Then we see that \(g\) is surjective from \(Y\) to \(X\).
Proof (\(\Leftarrow\)). If \({\rm card\;}(Y) \geq {\rm card\;}(X)\), then there is a surjection \(g:Y \to X\). Then \(g[Y]=X\), and, consequently, \(g^{-1}[\{x\}]\) are nonempty and
\[g^{-1}[\{x_1\}] \cap g^{-1}[\{x_2\}] = \varnothing \quad\text{ if }\quad x_1 \neq x_2.\].

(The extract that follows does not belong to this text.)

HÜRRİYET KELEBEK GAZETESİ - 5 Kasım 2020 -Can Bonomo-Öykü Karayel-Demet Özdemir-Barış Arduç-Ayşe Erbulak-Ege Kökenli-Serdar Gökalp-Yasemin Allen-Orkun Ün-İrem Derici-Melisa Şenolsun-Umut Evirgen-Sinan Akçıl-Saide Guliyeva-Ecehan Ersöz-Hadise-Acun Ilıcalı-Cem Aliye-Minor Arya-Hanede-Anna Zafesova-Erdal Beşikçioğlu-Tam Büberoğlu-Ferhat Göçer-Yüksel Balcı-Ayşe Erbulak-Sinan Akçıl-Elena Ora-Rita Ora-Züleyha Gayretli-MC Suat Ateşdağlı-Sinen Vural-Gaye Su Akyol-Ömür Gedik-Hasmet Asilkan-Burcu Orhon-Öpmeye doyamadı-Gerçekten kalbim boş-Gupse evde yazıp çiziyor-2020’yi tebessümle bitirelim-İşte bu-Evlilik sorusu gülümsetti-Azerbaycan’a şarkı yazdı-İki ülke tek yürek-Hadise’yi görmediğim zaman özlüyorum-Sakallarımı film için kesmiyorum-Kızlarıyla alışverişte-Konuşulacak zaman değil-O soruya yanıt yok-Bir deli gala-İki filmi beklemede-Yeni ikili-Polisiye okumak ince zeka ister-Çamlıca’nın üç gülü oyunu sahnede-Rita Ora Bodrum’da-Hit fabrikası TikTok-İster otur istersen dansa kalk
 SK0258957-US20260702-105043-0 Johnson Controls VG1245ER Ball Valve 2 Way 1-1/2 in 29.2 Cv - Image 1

Using the axiom of choice the set \(\prod_{x \in X}g^{-1}[\{x\}] \neq \varnothing\). Taking \[f \in \prod_{x \in X}g^{-1}[\{x\}]\] we see that \(f\) is an injection from \(X\) to \(Y\). Indeed, if \(x_1 \neq x_2\), then \(f(x_1) \in g^{-1}[\{x_1\}]\) and \(f(x_2) \in g^{-1}[\{x_2\}]\), but \[g^{-1}[\{x_1\}] \cap g^{-1}[\{x_2\}] = \varnothing,\] thus \(f(x_1) \neq f(x_2)\).$$\tag*{$\blacksquare$}$$
\({\rm card\;}(X)\) - example
Example. Let \[X=[0,1],\] \[Y=\left\{\frac{1}{n}\;:\;n \in \mathbb{N}\right\}.\] Prove that \({\rm card\;}(X) \geq {\rm card\;}(Y)\).
Solution. One has \({\rm card\;}(Y) \leq {\rm card\;}(X)\). Indeed, define \(f:Y \to X\) by \[f(x)=x,\] which is injective, so \({\rm card\;}(X) \geq {\rm card\;}(Y)\). $$\tag*{$\blacksquare$}$$
Remark. Actually we have \({\rm card\;}(X) > {\rm card\;}(Y)\), which will be proved later.
Banach lemma
Theorem. For any sets \(X\) and \(Y\) \[\text{ either }\quad {\rm card\;}(X) \leq {\rm card\;}(Y)\quad \text{ or }\quad {\rm card\;}(Y) \leq {\rm card\;}(X).\]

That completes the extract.